The Cain and Abel variant is based on an event that occurred in Algeria in the 1950s, amid the colonial Algerian struggle for independence from its French overlord. The Cain figure is a duo in this case, two Algerian boys—kids—who murder their French friend and playmate in a bizarre remote revenge act for various French atrocities against Algerians. “We weren’t mad at him. He was a good friend of ours,” one of the Algerian boys says under questioning after the murder. “We decided to kill him because the Europeans want to kill all the Arabs.” And because he and the co-murderer—his brother—are kids, he explains, they couldn’t kill a grownup, but could kill someone their own age and size. This film is called Where Is Where?
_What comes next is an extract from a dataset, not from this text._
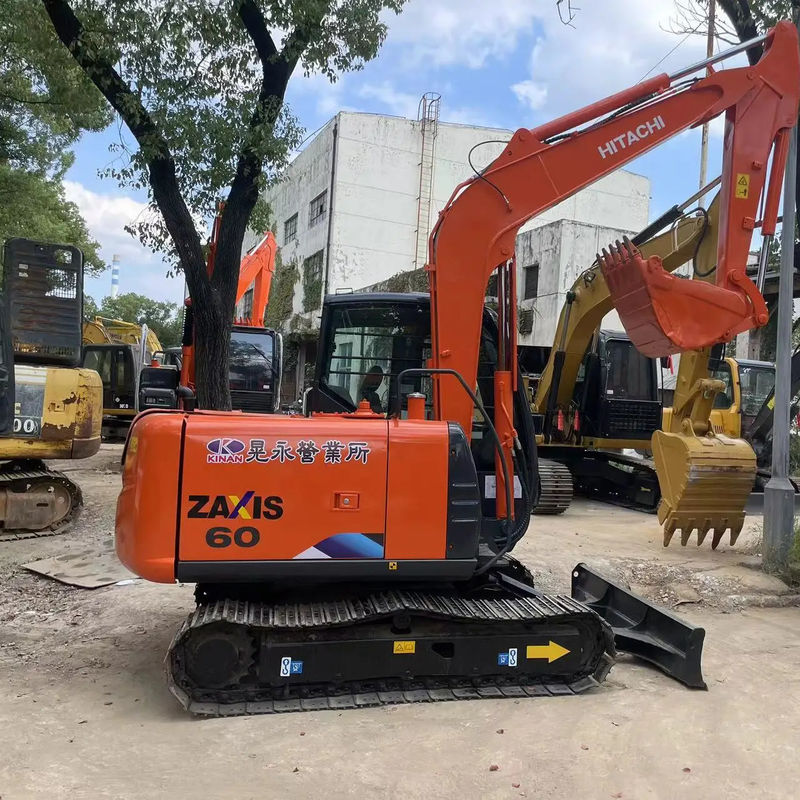 बिक्री उच्च गुणवत्ता इस्तेमाल किया Hitachi ZX60 मिनी खुदाई जापान इस्तेमाल किया Hitachi खुदाई ZX60 बिक्री के लिए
Often for these movies there are several screens, in several directions from the viewer—in front, to the sides, maybe behind—showing simultaneous related but variant views of the same subject matter. For example, landscapes in different directions from a central viewing point. You can turn around to look at any one, or maybe several at the same time. But like in real life, in the real world, you can’t see everything at the same time. You miss something. But multiple screens is the tip of the iceberg. There’s lots going on in these films, more than any one viewer could take in in any one viewing. Much it would seem directly or tangentially related to von Uexküll’s theorizing about unsuspected ways of sensory perception, related to space and time alternatives. 

Analogous to how there’s a lot going on in just about any good story. More than any one person can take in, at any one time anyway. Why stories are a gift that keeps on giving. That keep being newly interpretable. 

The Eija-Liisa Ahtila exhibit continues till January 3.